An MIT Alumni Association Publication
MIT Professor and Whitehead Institute Director David Page appeared last week on Comedy Central’s The Colbert Report to dispute a recently prevailing theory that the human Y chromosome is headed for extinction.

Page, who research was published in a February issue of Nature, gave host Stephen Colbert a synopsis of the Y chromosome’s history. Using adjustable rubber tubing and a fabric-covered hair elastic as a visual aid, he attempted to explain the 300 million year evolution of human chromosomes to a comically skeptical Colbert.

From The Colbert Report:

Page: It turns out that, 300 million years ago when we were reptiles, we actually existed as males and females, but we didn’t have sex chromosomes. Whether we developed as a male or a female was determined by the temperature in which we incubated as an embryo.

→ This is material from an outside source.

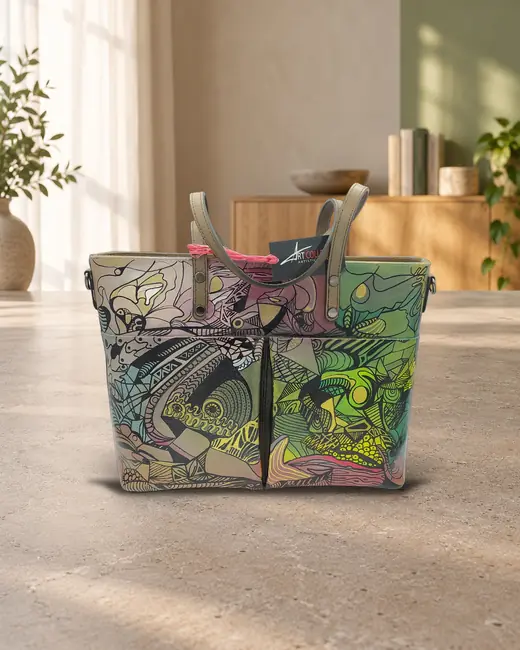 Tote astratto verde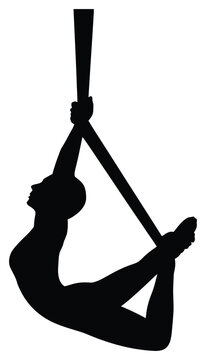 Aerialist Silhouette Female Performer Suspended from Fabric, Performing Flexibility and Strength on White Background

Colbert: So, in the Garden of Eden, we were the snake?

The interview centered on Colbert’s main concern: whether or not the Y-chromosome would one day cease to exist. "I have heard for years that y chromosome is going away," he said. "I heard that men would soon be obsolete and we would just be an all-lady planet."
Page: We found that the rhesus monkey and the (human) Y chromosome carry the same genes…since all men and the rhesus are separated by 25 million years of evolution, it suggests that nothing much has happened to the Y chromosome in 25 million years.

Colbert:  So we’re going to be OK! Alright!